- Developer: AIM
- Publisher: IGS
- Designer: Masaki Kojima
- Programmer: Chikuchiku Bamboo
- Platform: Family Computer
- Release: JP: August 9, 1991;
- Genre: Platform
- Modes: Single-player Multiplayer

= Armadillo (video game) =

1991 video game

 is a platform video game, published by IGS for the Family Computer. It was released in Japan on August 9, 1991 for the Family Computer. The game was not released in other countries.

==Gameplay==

The player controls a yellow armadillo with a red hat named Billy the Shell. Between levels, the player moves around on a map screen, similar to Super Mario Bros. 3. The map screen consists of many small squares, which the player can "capture" one at a time, after which they're crossed out and can be moved across freely. There are also some larger squares with pictures on them, and if the player is on them, they can choose to begin an action stage, which has to be cleared before the player can pass it. There is also another character moving around on the map screen, and if the player is on the same space as them, they can start a boss battle, which has to be cleared to move onto the next world.
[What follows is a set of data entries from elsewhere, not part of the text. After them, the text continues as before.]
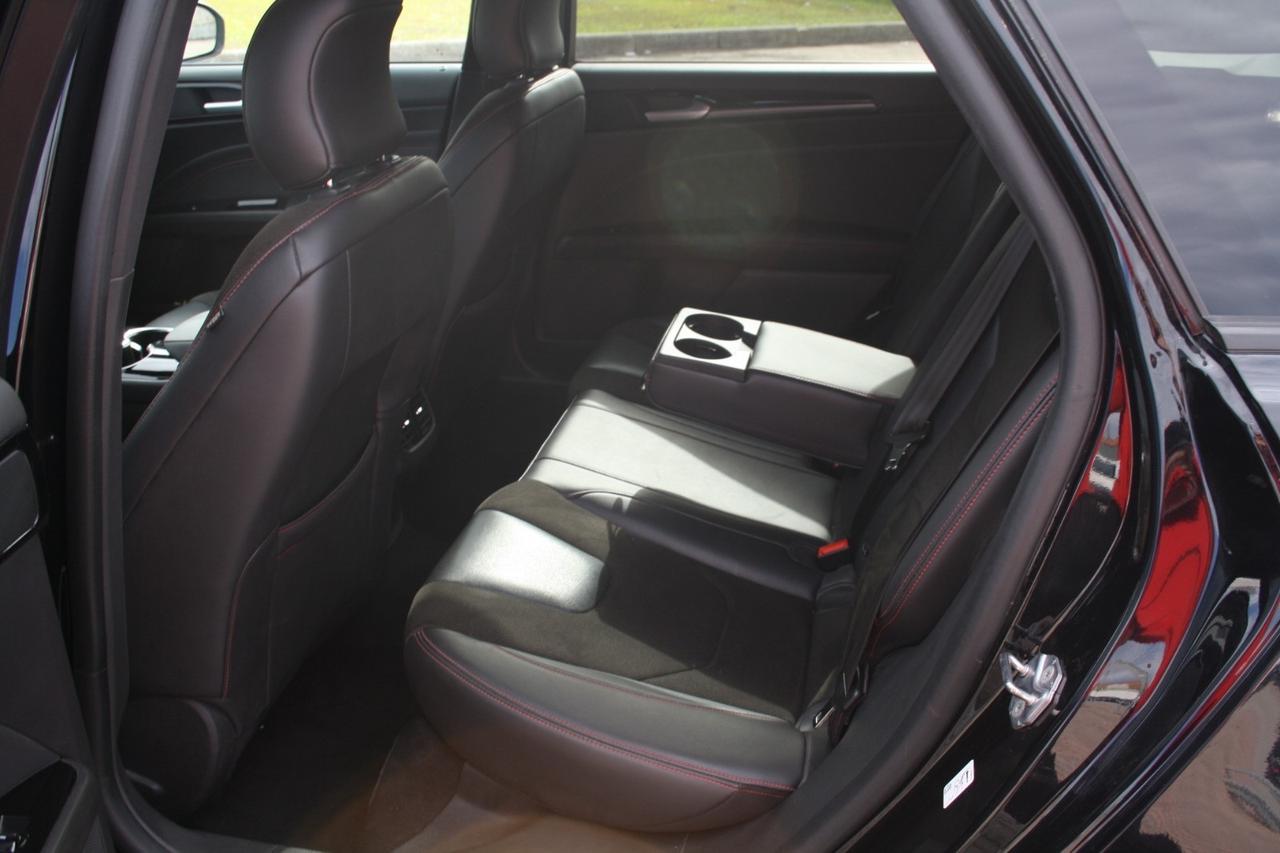 Ford Mondeo Full Hybrid 2.0 187 CV eCVT SW ST-Line Business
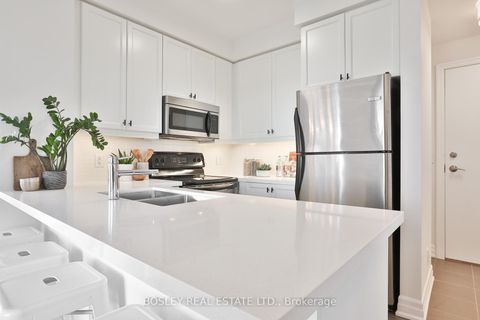 Photo 7 at 701 - 500 St Clair Avenue W, Forest Hill South, Toronto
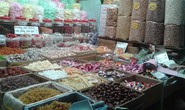 Bánh kẹo Trung Quốc gắn mác đặc sản Việt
The player can walk around and jump, and roll into a ball. While rolled up in ball form, the player can roll and bounce around. Control in this form can be slippery, but it is the only way to attack enemies. Also, while rolled up in a ball, the player can bounce higher (by holding the Jump button) than ordinary jumps would allow.

There is also a two player mode. Two players (player one has a red hat, player two has green) take turns moving around on the same map and playing the stages when they reach them. If the boss is defeated, both players will move on to the next world.

A bonus life is awarded every 30,000 points.

There were plans for Armadillo to be released in North America, as well as a sequel, but both were cancelled. A sequel called Armadillo Gaiden was also in the making for the Nintendo Game Boy, however it instead got relicensed and sold as Ultraman Ball.

Among some NES enthusiasts familiar with unlicensed bootleg game cartridges, this game is also known as Super Mario IV, in which the armadillo's character sprites have been edited to look like Mario.